The club was founded in 1873. The first recorded match against another side was at Govan in October 1875.

It was not a major club; it did not play any of more prestigious clubs in Glasgow at the time, such as Queen's Park, Clydesdale, or Rangers. It had fielded a second XI in 1875–76, but by 1877 its membership was 21, the smallest recorded in Charles Alcock's Football Annual for the year. The club's secretary, James Murdoch of Prince Edward Street in Crosshill, was a commercial traveller and nearing his forties when the club was founded.

The only major fixtures in which the club participated were in the Scottish Cup. In 1877–78, Union lost 2–0 at the original Partick club. In 1878–79, Union won its first round tie against fellow Glaswegian club Rosslyn, at the latter's Merkland Park, the only goal being scored by R. Wallace. The club went out in the second round to Parkgrove by the same score, at Trinidad Park in Govan, having been pressed all match and Parkgrove having two goals disallowed; goalkeeper Borland received praise from the press, and, perhaps not coincidentally, is reported as playing for Parkgrove later in the season.

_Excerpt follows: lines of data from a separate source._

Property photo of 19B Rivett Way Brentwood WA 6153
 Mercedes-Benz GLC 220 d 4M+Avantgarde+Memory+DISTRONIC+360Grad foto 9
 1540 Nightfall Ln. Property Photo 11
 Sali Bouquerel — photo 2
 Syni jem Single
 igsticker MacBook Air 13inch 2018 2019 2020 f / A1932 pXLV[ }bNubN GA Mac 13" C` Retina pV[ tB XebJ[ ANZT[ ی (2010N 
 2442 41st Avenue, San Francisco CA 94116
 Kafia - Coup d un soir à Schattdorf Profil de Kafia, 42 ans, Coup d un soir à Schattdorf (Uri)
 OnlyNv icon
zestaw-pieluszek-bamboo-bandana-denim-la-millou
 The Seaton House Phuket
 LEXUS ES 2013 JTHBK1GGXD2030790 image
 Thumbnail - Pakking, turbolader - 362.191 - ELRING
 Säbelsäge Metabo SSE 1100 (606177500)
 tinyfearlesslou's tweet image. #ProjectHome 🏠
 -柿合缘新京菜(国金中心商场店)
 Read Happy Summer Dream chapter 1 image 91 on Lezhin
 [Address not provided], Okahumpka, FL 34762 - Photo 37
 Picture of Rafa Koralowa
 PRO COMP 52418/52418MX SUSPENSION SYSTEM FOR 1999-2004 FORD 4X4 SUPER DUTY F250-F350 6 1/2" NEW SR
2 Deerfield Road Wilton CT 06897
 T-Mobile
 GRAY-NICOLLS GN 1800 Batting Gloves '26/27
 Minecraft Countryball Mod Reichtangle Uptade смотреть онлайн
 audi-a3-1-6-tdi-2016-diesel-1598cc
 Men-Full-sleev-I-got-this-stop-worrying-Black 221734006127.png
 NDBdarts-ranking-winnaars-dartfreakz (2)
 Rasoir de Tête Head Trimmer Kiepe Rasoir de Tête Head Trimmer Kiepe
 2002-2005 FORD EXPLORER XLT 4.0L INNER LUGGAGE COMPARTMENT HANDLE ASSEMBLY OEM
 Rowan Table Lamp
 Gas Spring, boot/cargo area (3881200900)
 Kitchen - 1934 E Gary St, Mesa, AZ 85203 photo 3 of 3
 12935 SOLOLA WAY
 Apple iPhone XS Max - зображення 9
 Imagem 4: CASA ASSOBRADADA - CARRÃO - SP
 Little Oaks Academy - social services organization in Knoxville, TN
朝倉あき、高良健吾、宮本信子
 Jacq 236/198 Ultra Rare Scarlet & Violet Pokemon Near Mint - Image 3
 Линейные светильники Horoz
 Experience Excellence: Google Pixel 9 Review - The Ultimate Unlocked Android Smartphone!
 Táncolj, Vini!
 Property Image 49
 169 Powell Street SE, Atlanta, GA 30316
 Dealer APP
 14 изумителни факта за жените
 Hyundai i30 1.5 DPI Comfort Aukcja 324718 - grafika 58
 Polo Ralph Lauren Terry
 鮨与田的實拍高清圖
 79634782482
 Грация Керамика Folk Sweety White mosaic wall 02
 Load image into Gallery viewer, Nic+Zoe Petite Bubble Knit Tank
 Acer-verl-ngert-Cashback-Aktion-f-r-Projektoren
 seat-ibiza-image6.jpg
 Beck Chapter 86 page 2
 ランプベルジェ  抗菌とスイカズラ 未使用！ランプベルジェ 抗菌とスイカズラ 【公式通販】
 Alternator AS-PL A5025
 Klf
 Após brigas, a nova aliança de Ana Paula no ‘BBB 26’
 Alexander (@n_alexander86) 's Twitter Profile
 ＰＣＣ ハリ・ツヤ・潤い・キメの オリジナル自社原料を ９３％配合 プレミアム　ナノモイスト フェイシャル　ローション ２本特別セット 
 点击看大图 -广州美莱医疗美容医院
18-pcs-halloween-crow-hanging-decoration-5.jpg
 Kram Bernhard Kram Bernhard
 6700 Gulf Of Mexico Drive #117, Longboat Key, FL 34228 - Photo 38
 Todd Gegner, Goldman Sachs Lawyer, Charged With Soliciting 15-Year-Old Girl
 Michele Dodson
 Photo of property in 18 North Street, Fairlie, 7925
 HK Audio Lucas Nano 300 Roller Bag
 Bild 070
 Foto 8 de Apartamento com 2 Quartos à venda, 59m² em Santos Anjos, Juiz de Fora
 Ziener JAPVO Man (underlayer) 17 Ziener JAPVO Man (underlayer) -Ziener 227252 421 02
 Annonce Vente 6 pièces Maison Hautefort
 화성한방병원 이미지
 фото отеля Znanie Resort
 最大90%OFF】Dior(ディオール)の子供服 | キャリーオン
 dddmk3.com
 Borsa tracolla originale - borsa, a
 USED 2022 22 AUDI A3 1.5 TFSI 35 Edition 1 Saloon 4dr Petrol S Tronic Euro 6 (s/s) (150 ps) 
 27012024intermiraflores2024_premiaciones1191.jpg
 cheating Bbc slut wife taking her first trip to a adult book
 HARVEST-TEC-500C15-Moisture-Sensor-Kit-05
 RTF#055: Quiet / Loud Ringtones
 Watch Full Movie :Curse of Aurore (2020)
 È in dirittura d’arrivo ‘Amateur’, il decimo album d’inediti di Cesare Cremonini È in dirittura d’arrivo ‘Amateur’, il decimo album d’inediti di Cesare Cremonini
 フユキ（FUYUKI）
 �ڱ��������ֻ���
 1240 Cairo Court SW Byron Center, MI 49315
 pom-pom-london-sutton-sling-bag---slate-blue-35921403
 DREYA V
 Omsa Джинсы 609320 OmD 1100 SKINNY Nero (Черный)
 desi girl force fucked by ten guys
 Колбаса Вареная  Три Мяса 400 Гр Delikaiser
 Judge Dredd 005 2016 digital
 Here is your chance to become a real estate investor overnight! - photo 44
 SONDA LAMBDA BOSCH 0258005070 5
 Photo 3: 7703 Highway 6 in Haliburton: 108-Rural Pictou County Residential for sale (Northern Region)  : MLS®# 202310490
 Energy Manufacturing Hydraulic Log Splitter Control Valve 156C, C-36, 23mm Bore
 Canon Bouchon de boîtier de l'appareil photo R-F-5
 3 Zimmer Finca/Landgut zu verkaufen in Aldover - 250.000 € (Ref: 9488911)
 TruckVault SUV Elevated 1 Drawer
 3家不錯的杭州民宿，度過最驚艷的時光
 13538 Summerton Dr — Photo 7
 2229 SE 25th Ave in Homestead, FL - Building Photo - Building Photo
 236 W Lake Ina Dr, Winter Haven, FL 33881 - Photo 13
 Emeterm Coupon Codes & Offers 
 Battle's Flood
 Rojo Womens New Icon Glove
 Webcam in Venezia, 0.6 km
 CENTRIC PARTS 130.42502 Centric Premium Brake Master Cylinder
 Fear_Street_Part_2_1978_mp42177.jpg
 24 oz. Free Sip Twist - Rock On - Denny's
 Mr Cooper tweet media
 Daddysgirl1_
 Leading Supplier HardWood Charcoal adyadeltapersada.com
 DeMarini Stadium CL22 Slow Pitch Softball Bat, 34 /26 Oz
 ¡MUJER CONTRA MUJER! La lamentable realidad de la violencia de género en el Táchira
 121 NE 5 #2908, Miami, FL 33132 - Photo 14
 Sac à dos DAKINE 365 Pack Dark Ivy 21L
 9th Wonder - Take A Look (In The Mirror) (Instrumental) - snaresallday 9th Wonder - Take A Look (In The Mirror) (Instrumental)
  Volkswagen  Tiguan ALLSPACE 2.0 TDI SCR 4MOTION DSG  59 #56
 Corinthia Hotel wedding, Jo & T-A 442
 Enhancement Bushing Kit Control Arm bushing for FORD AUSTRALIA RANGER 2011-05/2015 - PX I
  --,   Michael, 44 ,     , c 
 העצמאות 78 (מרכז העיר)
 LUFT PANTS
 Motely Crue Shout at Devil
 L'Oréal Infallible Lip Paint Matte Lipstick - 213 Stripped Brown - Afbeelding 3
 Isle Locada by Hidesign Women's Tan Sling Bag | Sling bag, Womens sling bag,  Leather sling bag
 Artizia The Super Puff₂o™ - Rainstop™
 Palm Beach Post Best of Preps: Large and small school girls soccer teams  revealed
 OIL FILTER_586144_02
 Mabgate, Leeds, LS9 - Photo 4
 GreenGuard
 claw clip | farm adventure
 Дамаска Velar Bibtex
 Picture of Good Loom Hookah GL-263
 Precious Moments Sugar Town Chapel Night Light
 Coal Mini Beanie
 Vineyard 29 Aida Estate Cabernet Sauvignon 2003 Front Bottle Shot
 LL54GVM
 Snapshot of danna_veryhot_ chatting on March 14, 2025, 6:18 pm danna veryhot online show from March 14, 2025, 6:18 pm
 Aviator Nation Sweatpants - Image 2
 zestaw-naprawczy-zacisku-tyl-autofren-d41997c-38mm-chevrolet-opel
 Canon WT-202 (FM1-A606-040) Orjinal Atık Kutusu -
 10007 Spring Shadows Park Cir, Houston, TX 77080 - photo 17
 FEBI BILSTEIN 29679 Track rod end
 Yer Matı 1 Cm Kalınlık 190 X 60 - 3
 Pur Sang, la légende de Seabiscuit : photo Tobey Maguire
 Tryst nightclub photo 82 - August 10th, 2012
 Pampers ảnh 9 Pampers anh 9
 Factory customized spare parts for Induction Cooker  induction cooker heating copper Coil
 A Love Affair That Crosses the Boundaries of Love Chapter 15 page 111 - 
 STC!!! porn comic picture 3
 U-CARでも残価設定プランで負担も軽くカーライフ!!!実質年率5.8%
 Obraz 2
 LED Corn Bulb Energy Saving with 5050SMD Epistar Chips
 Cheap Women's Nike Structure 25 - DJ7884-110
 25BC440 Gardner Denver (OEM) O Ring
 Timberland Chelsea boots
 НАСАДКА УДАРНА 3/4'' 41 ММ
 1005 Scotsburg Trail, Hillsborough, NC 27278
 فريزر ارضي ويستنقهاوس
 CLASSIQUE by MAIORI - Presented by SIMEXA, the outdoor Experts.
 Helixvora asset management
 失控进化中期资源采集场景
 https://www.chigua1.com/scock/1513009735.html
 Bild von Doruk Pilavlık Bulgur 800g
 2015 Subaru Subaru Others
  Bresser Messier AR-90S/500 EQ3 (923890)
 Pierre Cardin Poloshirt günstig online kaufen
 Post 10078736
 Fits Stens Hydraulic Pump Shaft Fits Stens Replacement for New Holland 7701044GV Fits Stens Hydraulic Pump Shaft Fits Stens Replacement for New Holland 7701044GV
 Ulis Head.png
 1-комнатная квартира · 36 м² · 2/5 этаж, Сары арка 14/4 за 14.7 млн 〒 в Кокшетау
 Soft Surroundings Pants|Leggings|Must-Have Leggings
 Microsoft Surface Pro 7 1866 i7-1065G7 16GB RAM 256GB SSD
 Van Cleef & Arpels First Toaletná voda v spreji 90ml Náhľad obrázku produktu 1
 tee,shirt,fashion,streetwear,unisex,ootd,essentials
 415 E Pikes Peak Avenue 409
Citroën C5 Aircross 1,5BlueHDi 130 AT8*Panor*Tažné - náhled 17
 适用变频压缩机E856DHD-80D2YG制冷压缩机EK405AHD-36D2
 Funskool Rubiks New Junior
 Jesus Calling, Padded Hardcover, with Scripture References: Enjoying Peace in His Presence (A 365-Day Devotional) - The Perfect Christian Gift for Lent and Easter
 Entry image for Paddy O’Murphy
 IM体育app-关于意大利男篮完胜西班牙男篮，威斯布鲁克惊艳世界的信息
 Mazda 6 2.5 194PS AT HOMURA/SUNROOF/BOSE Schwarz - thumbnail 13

The club scratched when overmatched with 3rd Lanarkshire Rifle Volunteers in the first round in 1879–80. The club did continue playing in the season, the last recorded fixture being a 1–0 win over the obscure Eldon club.

==Colours==

The club played in blue jerseys, white knickerbockers, and blue stockings.

==Grounds==

The club played at the Queen's Park, Glasgow, and did not have its own clubhouse.